Algo que tampoco puede sorprender si tenemos en cuenta lo que Albert ha venido
a hacer aquí.
No sé si será un encargo, pero como si lo fuera. Porque esa voz,
su voz, es la de la oligarquía. Esa
voz es la de las élites bruselenses, a quienes nada importan la democracia ni
la soberanía.
Alguien tendría que explicarle a Rivera, con urgencia, que no puede
estarse a favor de una cosa y no de la otra. Alguien debería explicarle que la democracia, sin
soberanía, no es más que una fantasmagoría inútil; que si se nos priva cada vez
más, como está sucediendo, de ámbitos de decisión, el sufragio se convierte en
una farsa.
En lo que hace a la expresión de nuestra soberanía, ¿cuál es el
alcance democrático que Rivera concede a los españoles? ¿Sobre qué nos van a
dejar decidir?
Por eso, cuando Rivera propone más cesión de soberanía, lesiona
la democracia. Con una capacidad de decisión ya muy mermada, ahora plantea
privarnos de política exterior y defensa. No está mal, para quien dice defender
la unidad de la nación, aspirar a disolver dos de los últimos vínculos entre
Cataluña y el conjunto de España.
El discurso de Rivera pierde buena parte de su credibilidad,
porque resulta escasamente convincente esgrimir, frente a los partidarios de la
autodeterminación, una soberanía del pueblo español en la que sabemos que no
cree. En la que no cree porque, cuando se defiende la soberanía, se la defiende
como una sola cosa; frente al nacionalismo y también frente al mundialismo.
Porque no tiene sentido
proteger la soberanía de las asechanzas de Puigdemont y Junqueras para
entregarla a Juncker y a Merkel. Rivera no cree en la soberanía
del pueblo español porque quiere cederla a Bruselas.

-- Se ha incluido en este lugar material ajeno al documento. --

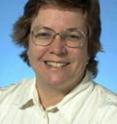 This is Jane Brice, MD, MPH, of the University of North Carolina at Chapel Hill.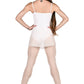 Balletdragter dans Pegaso BGN6982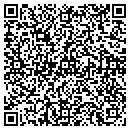 QR code with Zander James C DDS contacts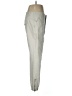 CAbi Ivory Jeans Size 4 - photo 4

Albert, además, esgrime su argumento cuando la pretensión de
construir una unidad política desde Bruselas ha sido explícitamente rechazada
por los europeos, cuando esa unidad política viene siendo impuesta por la
eurocasta a través de mecanismos parlamentarios que han rehuido la democracia,
negociando de espaldas a los ciudadanos. Defender ese fantasmagórico proyecto
de los Estados Unidos de Europa, es respaldar todo eso.
¿Es que Rivera no sabe que lo que ha fracasado es, precisamente,
el proyecto de esos Estados Unidos? ¿Es que
ignora que lo que ha fracasado es la tentativa de superar el marco de un club
económico que, durante décadas, no solo preservaba la soberanía de los estados,
sino que la presuponía?
Claro que Rivera lo sabe. Claro que sabe que, cuando se planteó
la unión política, fue rechazada; y que ahora está siendo forzada, imponiéndola
a unos pueblos europeos que no la quieren. Claro que sabe que las
transferencias de soberanía se están llevando a cabo desdeñando la voluntad de
los europeos ¿Será que Rivera está en ese proyecto antidemocrático?
Como es evidente que Rivera no puede ignorar lo anterior, la
pregunta es perfectamente legítima. Y la respuesta está servida. Ni la soberanía
ni la democracia parecen ser para él más que excusas argumentales, que no le
impiden la construcción de un discurso extremista en sus fervores hacia la
Unión Europea.
Unión Europea -en cuya promoción está Rivera- ni siquiera
justificada como proyecto europeo, degradada como una pieza más al
servicio de un diseño global transnacional.